* _Task goal_
After locating the line with "Hey everybody, today" below, output it and each following line exactly, stopping after the line with "This is now". No pictures.

* _Data extracts_
────────────────────────────────────────
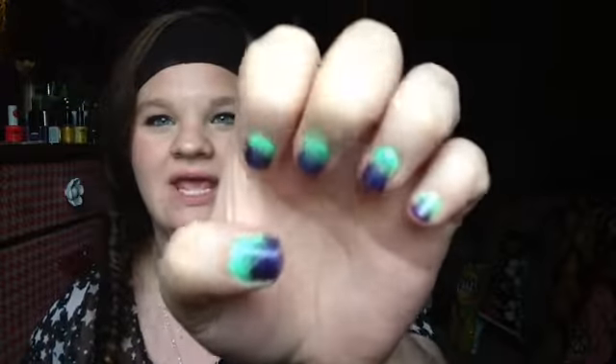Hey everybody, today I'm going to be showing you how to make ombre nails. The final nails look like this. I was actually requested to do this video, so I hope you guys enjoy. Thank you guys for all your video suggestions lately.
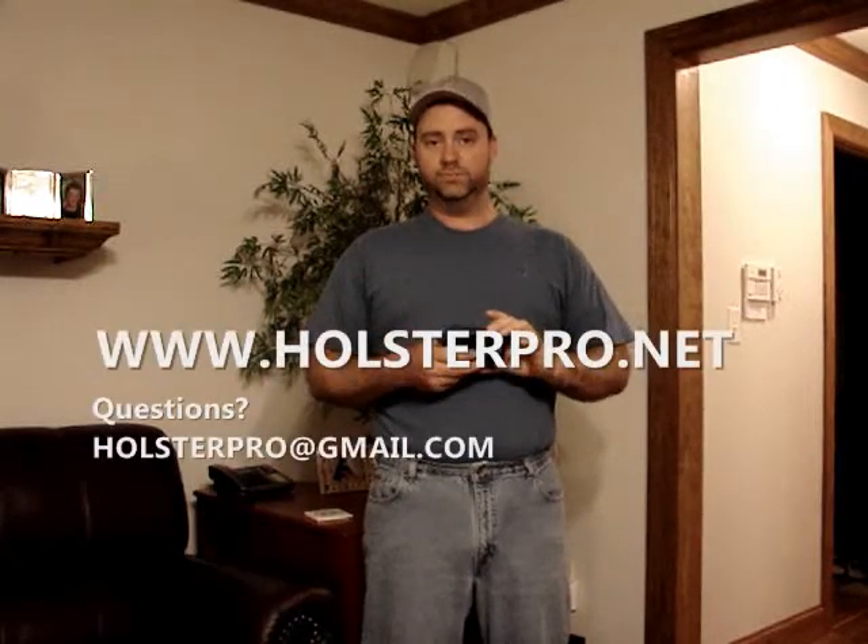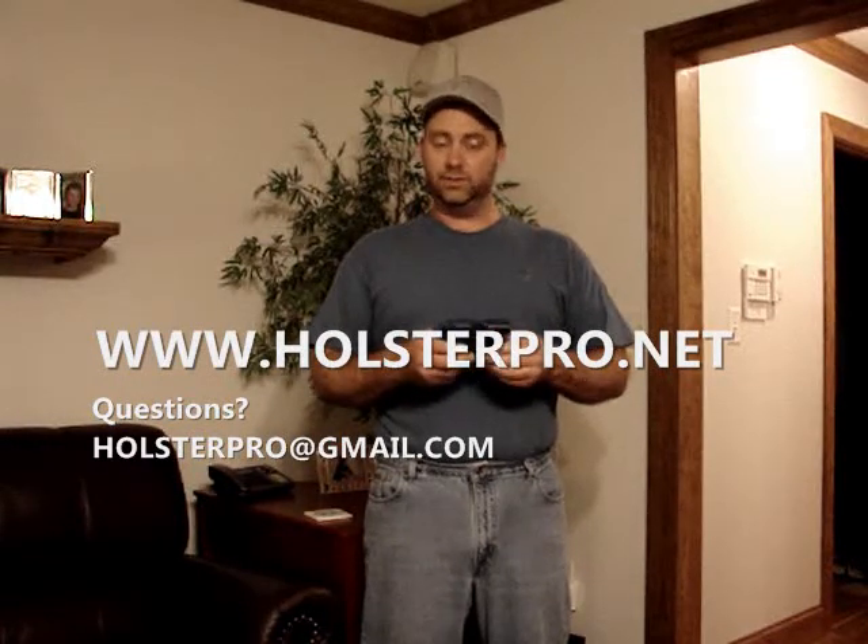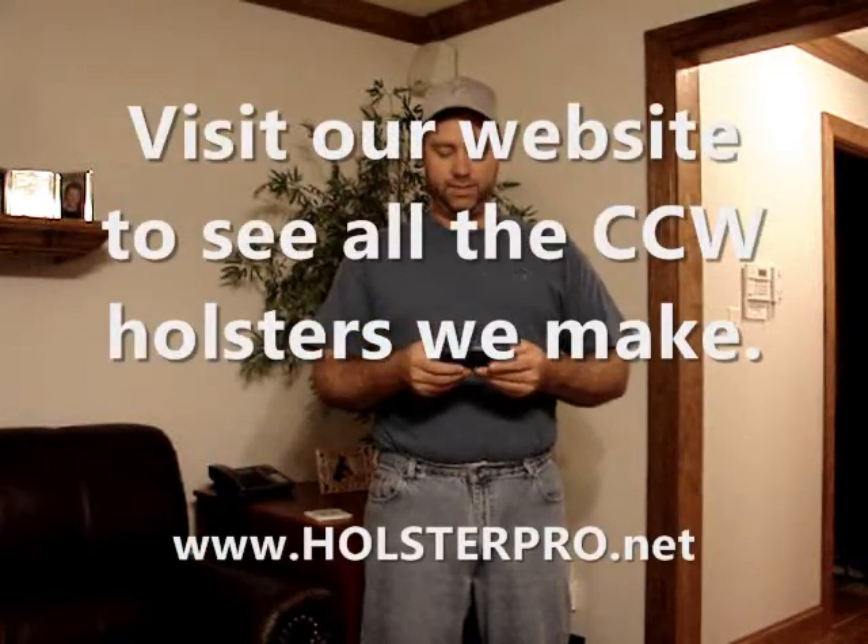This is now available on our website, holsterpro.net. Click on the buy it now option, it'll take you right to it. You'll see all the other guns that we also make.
────────────────────────────────────────
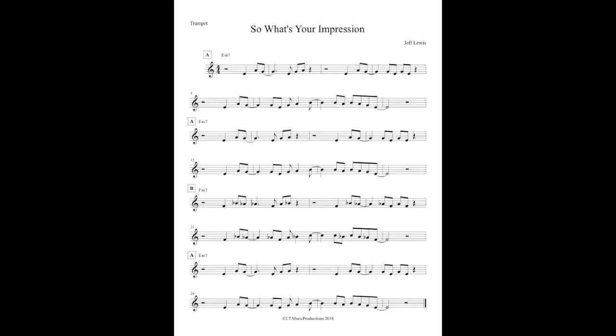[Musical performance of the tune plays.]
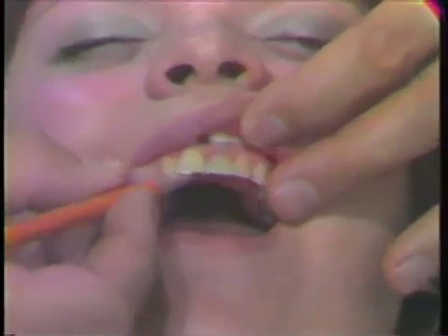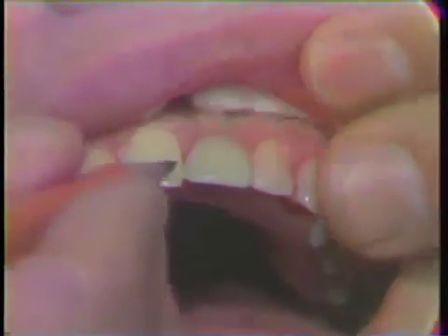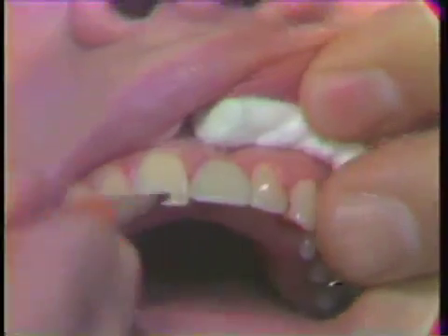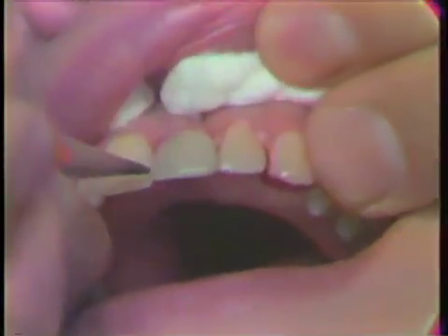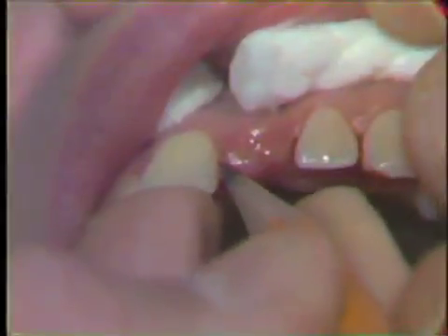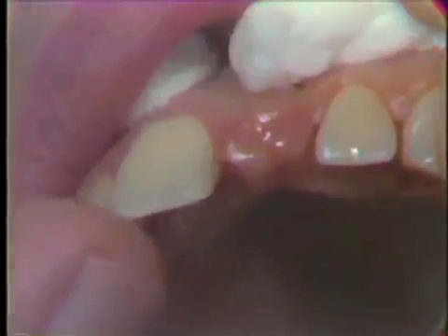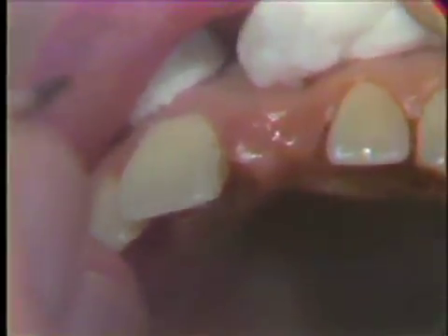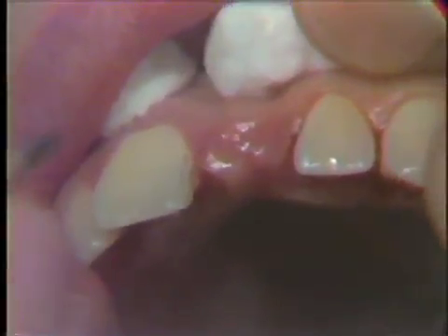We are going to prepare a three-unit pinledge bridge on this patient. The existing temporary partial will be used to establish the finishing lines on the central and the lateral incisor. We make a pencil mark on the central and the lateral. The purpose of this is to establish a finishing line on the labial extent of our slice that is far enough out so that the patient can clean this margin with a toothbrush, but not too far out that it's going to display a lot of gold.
────────────────────────────────────────
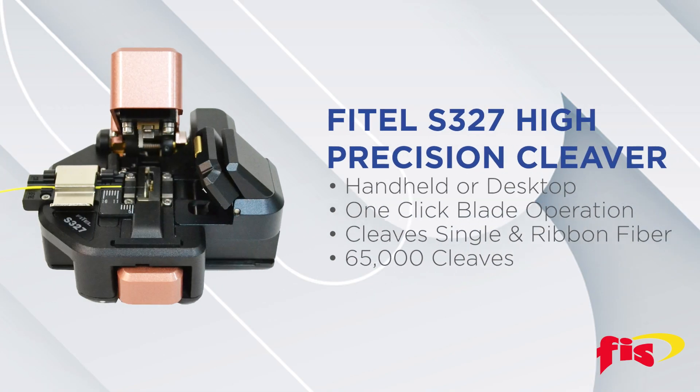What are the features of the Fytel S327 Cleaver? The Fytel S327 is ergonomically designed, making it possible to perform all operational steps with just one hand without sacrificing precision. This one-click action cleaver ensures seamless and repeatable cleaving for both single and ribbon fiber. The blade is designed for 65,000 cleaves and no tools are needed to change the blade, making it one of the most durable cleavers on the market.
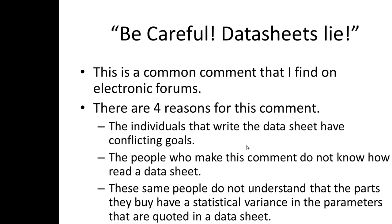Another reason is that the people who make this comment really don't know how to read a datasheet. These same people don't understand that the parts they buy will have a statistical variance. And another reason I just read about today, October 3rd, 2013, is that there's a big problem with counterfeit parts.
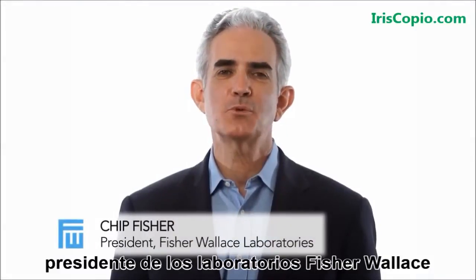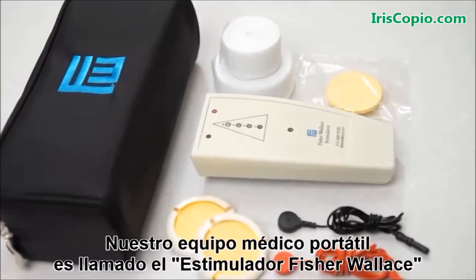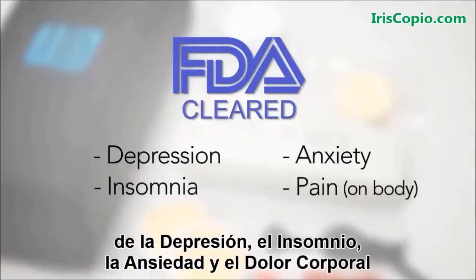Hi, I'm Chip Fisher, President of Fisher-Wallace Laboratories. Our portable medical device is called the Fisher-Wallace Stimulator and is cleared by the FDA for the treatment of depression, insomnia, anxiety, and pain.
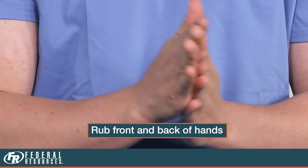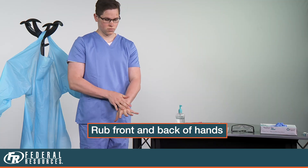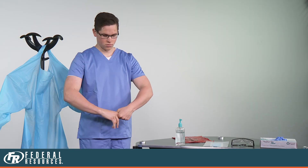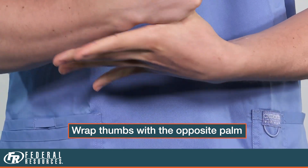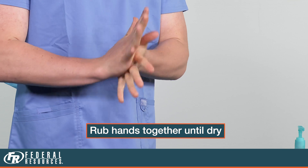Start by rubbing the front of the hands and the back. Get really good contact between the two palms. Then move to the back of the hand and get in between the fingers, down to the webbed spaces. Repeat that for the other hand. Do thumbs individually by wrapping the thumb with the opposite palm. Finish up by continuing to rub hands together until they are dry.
────────────────────────────────────────
* _Reply_
Hey everybody, today I'm going to be showing you how to make ombre nails. The final nails look like this. I was actually requested to do this video, so I hope you guys enjoy. Thank you guys for all your video suggestions lately.
This is now available on our website, holsterpro.net. Click on the buy it now option, it'll take you right to it. You'll see all the other guns that we also make.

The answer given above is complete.